Normality in the Anthropocene
If abnormal change in current geological era is human-driven, is it natural?
“It should not be normal to find evidence of plastics on the highest mountaintops and in the deepest oceans.”
I’ve never glued myself to a lorry, and I don’t have any immediate plans to do so. But I can’t help but feel inspired by the bravery of the people who are summoning the power of civil disobedience to force London to pause, look up beyond the city bubble and acknowledge that what is happening to our planet cannot be allowed to become normal.
In a world where the pace of political, technological and social change is desensitising us to the erosion of stability on every level, the fight against the normalisation of environmental crises is a particular challenge.
This protest has certainly reminded me that many aspects of life in the “new normal” are in fact grotesquely abnormal. Let’s focus on plastic: it should not be normal to find more plastic than fish in the stomachs of sea creatures. It should not be normal to find evidence of plastics on the highest mountaintops and in the deepest oceans.
It should not be normal that, when I go down the country to my home place and make a cup of tea with water from the 11-foot deep well that was divined and hand-dug by my grandfather, I do so with the uncomfortable knowledge that – as well as nitrates, coliforms and myriad other pollutants – I’m drinking up to four times as many microplastic particles as I would in the same cup of tea at home in Dublin.
And yet, these things are normal. They don’t shock us. We’re getting used to them. Which is why I was relieved to get a stark “This is absolutely not normal!” reminder a few weeks ago at an exhibition in Science Gallery Dublin.
The piece in question was more art than science, but that didn’t really matter. It showed a series of palm-sized stones with bits of plastic in: a bottle top crammed in between several bits of stone; the tip of a glue bottle grafted on to the side of another; a bit of melted yellow that looks like it might have once been a balloon running like a vein through another. Some of the pieces were found on “plastigomerate” beach walks across Scandinavia. They were – if you’ll venture it – natural.
The exhibition touched on an emerging concept in science, the Anthropocene, and the idea that we’re in it; a time in which human choices have altered the surface of the planet – its geology and its ecology – to the extent that it warrants a whole new epoch.
One of the most immediate indicators of the Anthropocene is plastic. According to a 2016 study, we’ve generated enough of the stuff in the past few decades to wrap a layer of clingfilm around the entire planet. It’s everywhere, and it’s entering the rock record through micro and macro plastic deposits on land and in oceans, but also through technofossils. Yes, you read that right: plastic is becoming an archaeological feature.
But while fossilised printer cartridges might be a curiosity for future generations, plastics that became enmeshed in sedimentary strata are unlikely to be the Anthropocene’s only long-term physical legacy.
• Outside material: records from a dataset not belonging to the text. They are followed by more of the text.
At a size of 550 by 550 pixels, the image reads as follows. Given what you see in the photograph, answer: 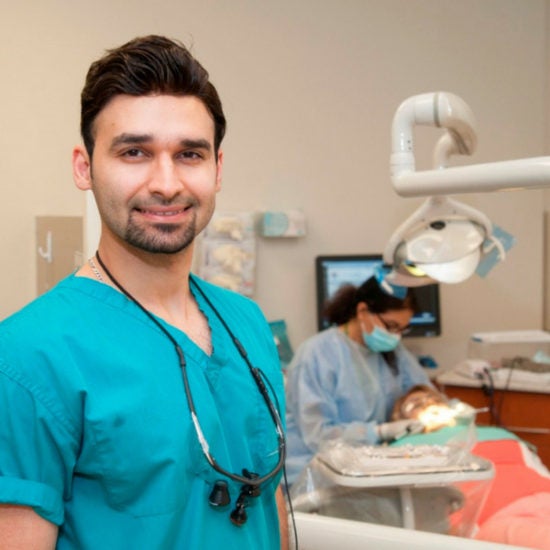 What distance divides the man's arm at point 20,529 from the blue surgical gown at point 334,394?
1575mm

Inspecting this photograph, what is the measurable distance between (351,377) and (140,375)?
1.74 metres

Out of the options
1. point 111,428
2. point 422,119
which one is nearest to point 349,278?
point 422,119

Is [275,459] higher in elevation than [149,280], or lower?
lower

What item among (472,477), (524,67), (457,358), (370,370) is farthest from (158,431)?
(524,67)

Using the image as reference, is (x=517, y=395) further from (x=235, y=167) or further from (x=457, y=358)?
(x=235, y=167)

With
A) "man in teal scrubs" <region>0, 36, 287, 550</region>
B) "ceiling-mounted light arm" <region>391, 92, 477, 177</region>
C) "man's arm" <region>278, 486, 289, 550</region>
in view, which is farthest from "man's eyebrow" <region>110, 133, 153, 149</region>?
"man's arm" <region>278, 486, 289, 550</region>

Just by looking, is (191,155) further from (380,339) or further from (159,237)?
(380,339)

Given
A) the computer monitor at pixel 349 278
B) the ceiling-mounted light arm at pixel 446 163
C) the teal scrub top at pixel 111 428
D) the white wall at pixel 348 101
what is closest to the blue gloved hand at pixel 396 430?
the computer monitor at pixel 349 278

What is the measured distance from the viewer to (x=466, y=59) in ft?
11.1

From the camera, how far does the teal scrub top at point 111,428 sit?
0.82m

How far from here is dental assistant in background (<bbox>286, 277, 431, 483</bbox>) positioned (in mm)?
2412

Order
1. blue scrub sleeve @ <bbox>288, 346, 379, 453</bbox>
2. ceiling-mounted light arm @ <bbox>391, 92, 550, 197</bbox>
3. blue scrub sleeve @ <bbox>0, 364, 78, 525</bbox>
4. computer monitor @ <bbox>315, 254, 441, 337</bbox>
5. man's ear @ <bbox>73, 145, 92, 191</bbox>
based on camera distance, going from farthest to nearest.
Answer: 1. computer monitor @ <bbox>315, 254, 441, 337</bbox>
2. blue scrub sleeve @ <bbox>288, 346, 379, 453</bbox>
3. man's ear @ <bbox>73, 145, 92, 191</bbox>
4. ceiling-mounted light arm @ <bbox>391, 92, 550, 197</bbox>
5. blue scrub sleeve @ <bbox>0, 364, 78, 525</bbox>

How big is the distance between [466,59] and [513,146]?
0.46 meters

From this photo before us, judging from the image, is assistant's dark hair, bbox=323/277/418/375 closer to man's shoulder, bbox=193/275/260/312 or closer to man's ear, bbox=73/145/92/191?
man's shoulder, bbox=193/275/260/312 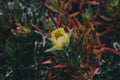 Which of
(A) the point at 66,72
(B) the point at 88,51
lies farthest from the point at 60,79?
(B) the point at 88,51

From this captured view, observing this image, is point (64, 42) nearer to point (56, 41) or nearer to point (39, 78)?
point (56, 41)

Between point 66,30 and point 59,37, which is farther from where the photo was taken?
point 66,30

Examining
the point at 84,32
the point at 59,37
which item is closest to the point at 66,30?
the point at 84,32

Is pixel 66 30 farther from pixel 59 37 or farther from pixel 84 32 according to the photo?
pixel 59 37

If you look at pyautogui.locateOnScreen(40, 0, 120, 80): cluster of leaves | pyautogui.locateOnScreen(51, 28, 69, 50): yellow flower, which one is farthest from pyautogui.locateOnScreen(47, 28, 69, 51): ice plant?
pyautogui.locateOnScreen(40, 0, 120, 80): cluster of leaves

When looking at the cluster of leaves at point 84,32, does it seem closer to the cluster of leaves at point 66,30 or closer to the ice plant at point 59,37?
the cluster of leaves at point 66,30

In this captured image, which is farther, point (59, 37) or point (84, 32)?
point (84, 32)

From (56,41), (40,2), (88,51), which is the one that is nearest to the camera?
(56,41)

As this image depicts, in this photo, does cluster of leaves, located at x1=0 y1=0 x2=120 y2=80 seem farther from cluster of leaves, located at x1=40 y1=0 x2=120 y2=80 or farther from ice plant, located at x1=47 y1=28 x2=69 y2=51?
ice plant, located at x1=47 y1=28 x2=69 y2=51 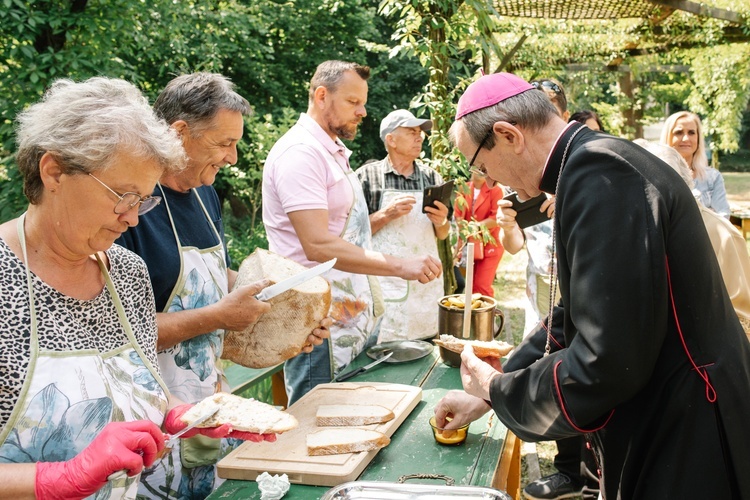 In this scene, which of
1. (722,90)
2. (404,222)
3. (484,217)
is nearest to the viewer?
(404,222)

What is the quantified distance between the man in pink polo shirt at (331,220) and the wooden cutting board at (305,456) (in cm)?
A: 57

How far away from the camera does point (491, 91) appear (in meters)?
1.80

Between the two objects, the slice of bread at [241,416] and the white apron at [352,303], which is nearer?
the slice of bread at [241,416]

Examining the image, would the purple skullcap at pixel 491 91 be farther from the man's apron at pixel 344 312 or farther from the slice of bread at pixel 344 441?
the man's apron at pixel 344 312

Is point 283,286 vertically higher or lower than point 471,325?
higher

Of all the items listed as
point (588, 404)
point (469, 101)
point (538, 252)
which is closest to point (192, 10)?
point (538, 252)

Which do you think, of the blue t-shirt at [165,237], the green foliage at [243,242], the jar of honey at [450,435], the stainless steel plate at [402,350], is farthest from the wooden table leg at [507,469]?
the green foliage at [243,242]

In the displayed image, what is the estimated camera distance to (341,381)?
8.98 ft

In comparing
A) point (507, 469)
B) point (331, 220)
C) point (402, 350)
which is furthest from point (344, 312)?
point (507, 469)

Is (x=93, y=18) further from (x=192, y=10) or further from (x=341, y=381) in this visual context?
(x=341, y=381)

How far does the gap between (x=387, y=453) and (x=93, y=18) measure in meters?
4.94

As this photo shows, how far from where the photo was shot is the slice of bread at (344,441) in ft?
6.46

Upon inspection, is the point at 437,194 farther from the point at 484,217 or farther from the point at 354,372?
the point at 484,217

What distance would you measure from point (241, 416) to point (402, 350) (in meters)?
1.30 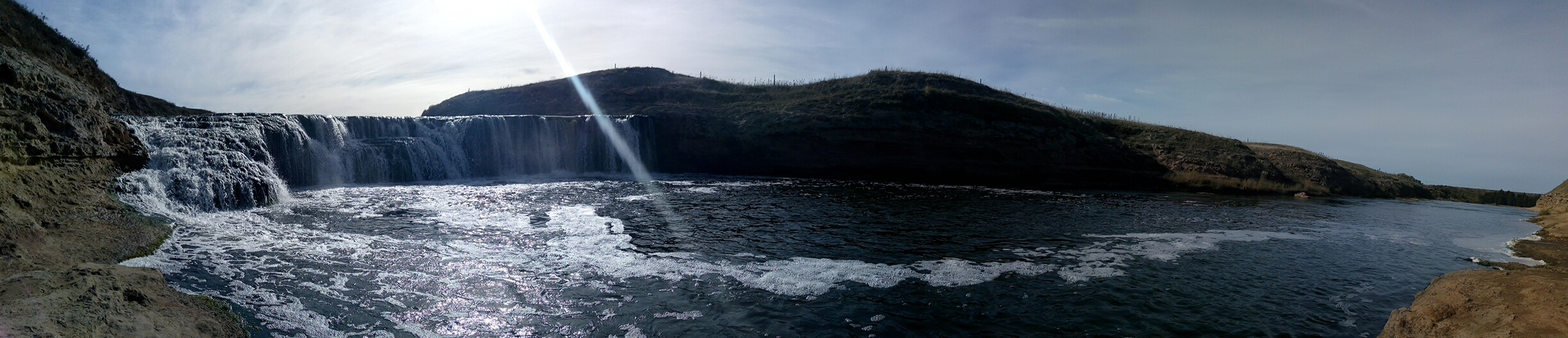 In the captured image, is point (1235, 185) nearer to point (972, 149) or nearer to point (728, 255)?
point (972, 149)

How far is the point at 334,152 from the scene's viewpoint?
64.5 feet

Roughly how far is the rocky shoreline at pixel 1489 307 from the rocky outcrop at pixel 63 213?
10.4m

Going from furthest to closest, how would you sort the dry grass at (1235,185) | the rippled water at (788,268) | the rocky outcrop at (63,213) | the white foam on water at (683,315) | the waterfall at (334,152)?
1. the dry grass at (1235,185)
2. the waterfall at (334,152)
3. the white foam on water at (683,315)
4. the rippled water at (788,268)
5. the rocky outcrop at (63,213)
Geological time, after all, is very long – tens or even hundreds of millions of years.
According to some scientists, the rock-bound narrative of our impact is more likely to be told through the language of carbon isotopes locked in the lithified shells of marine creatures, changes in the patterns of ocean sedimentation due to our large-scale manipulation of terrestrial ecosystems for farming and hydropower, and a fossil record that reveals massive biodiversity loss, the invasion of non-native species, and – of course – the ubiquity of our beloved plastic consumer items.
While change is the only thing in life that we can be sure of, the changes brought by human influence over planetary systems cannot be described as “normal” from the perspective of a species that flourished in the comparatively benign Holocene.
A deeper question, perhaps, is whether they can ever be described as natural, but that’s academic. As the protestors are trying to remind us, our past and present may already be committed to stone, but our future isn’t. If we really are in charge of the planet, it’s time to stop talking and take responsibility – while we still can.